◆ **THE PROBLEM**: Among the entries below, find the line with "简单的旗帜巴林-矢量圆平面图标", then quote it and each following line up to and including the line with "Light Grey Shower", and nothing else.
━━━━━ AVAILABLE DATA
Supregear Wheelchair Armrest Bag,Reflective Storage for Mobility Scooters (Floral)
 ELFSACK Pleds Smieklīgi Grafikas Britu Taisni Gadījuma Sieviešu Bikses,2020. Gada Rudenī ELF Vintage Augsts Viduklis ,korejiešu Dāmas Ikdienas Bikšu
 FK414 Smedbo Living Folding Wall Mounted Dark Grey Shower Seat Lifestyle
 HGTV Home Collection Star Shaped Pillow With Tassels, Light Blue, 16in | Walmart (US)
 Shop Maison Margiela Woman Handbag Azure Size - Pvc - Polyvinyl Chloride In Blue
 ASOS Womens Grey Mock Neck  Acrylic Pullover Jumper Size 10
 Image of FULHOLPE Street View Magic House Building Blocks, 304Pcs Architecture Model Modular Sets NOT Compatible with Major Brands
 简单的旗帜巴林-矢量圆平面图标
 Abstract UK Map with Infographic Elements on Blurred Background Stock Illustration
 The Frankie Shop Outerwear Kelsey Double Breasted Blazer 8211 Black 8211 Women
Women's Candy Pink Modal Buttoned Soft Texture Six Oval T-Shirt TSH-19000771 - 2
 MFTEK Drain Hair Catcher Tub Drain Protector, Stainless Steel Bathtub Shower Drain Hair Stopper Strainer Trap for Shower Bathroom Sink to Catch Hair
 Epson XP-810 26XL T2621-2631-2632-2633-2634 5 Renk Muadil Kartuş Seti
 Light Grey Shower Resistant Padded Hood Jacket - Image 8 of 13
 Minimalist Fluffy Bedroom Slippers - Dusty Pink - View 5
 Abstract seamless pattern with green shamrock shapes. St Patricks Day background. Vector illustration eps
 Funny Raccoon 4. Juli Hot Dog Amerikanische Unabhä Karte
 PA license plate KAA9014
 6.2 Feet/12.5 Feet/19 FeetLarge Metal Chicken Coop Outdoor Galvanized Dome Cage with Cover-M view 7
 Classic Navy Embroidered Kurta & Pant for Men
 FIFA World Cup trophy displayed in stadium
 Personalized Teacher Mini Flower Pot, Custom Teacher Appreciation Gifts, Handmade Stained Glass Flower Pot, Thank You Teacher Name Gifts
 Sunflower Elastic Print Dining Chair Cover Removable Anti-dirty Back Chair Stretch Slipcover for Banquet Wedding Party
━━━━━━━━━━
◆ **YOUR SOLUTION**:
 简单的旗帜巴林-矢量圆平面图标
 Abstract UK Map with Infographic Elements on Blurred Background Stock Illustration
 The Frankie Shop Outerwear Kelsey Double Breasted Blazer 8211 Black 8211 Women
Women's Candy Pink Modal Buttoned Soft Texture Six Oval T-Shirt TSH-19000771 - 2
 MFTEK Drain Hair Catcher Tub Drain Protector, Stainless Steel Bathtub Shower Drain Hair Stopper Strainer Trap for Shower Bathroom Sink to Catch Hair
 Epson XP-810 26XL T2621-2631-2632-2633-2634 5 Renk Muadil Kartuş Seti
 Light Grey Shower Resistant Padded Hood Jacket - Image 8 of 13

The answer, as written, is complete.